Look at Japan.  It is a very risk averse culture.  It is also highly conformist.  Japanese workers have tremendous work ethics and discipline.  But Japan doesn't innovate for shit.  That is part of the reason why the Japanese economy has been stagnant for so long.  Being entrepreneurial isn't part of their culture.  Compare this to Israel, which has a thriving economy despite its small size and lack of natural resources.  Israel is a world leader in the biotech industry. 
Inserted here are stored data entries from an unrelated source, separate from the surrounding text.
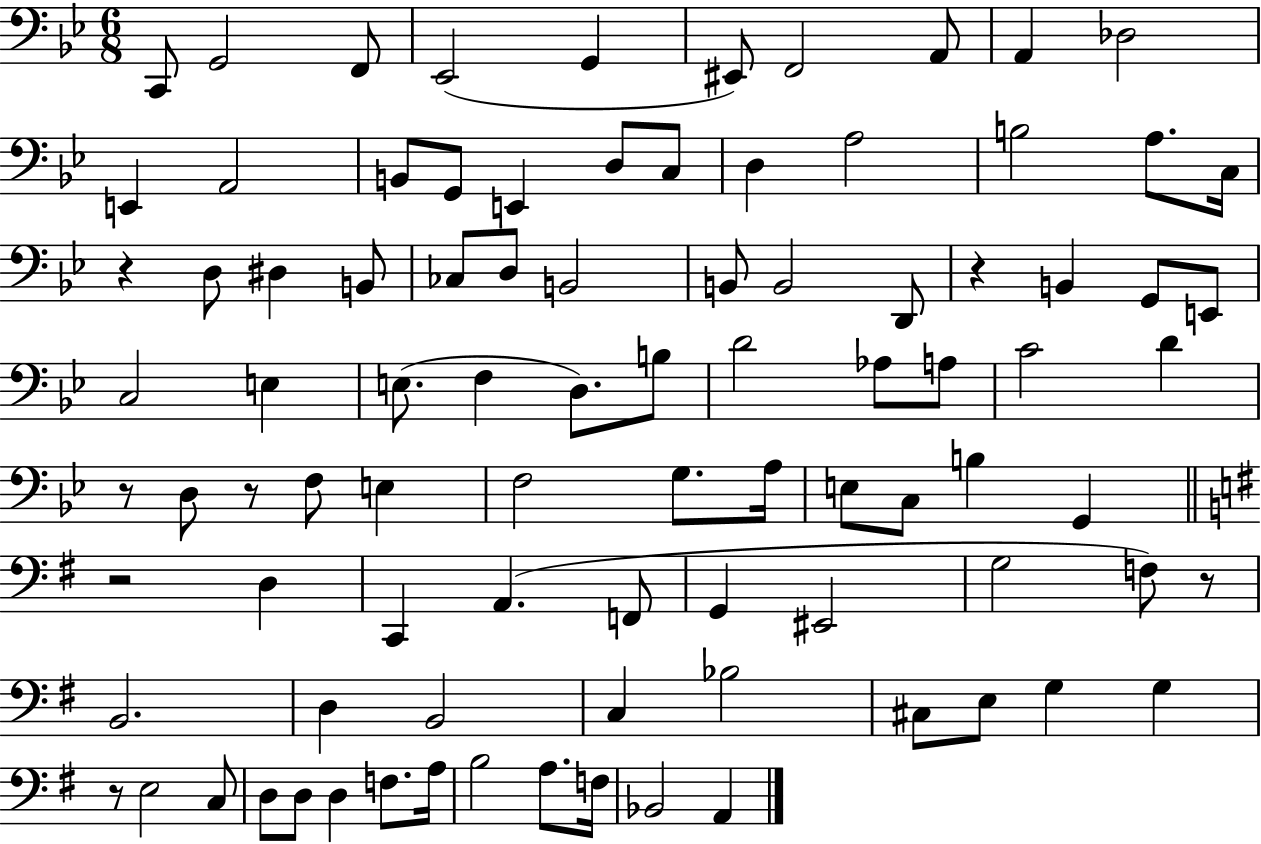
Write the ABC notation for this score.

X:1
T:Untitled
M:6/8
L:1/4
K:Bb
C,,/2 G,,2 F,,/2 _E,,2 G,, ^E,,/2 F,,2 A,,/2 A,, _D,2 E,, A,,2 B,,/2 G,,/2 E,, D,/2 C,/2 D, A,2 B,2 A,/2 C,/4 z D,/2 ^D, B,,/2 _C,/2 D,/2 B,,2 B,,/2 B,,2 D,,/2 z B,, G,,/2 E,,/2 C,2 E, E,/2 F, D,/2 B,/2 D2 _A,/2 A,/2 C2 D z/2 D,/2 z/2 F,/2 E, F,2 G,/2 A,/4 E,/2 C,/2 B, G,, z2 D, C,, A,, F,,/2 G,, ^E,,2 G,2 F,/2 z/2 B,,2 D, B,,2 C, _B,2 ^C,/2 E,/2 G, G, z/2 E,2 C,/2 D,/2 D,/2 D, F,/2 A,/4 B,2 A,/2 F,/4 _B,,2 A,,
We can do far more than what we think.  But we have to be willing to try and fail.  Babies will keep trying to walk even after they stumble.  Eventually their brains make the right connections and they succeed.  Why should it be any different for us?  To grow, we must become young again.  We must be open to hearing new ideas, trying new skills, and attempting new solutions to persistent problems.  We must be willing to risk a fall here and there.  If we do fail, we must pick up and move on. 
The future is not going to stop for us.  If technology makes our jobs obsolete, we need to learn new skills, no matter how old we are.  If we stink at a particular skill, we must practice it for hours until we master it.  If not, we lose out on the treasures of the new things which await us.  Our quality of life will suffer.  Being adaptable and open to change is vitally important.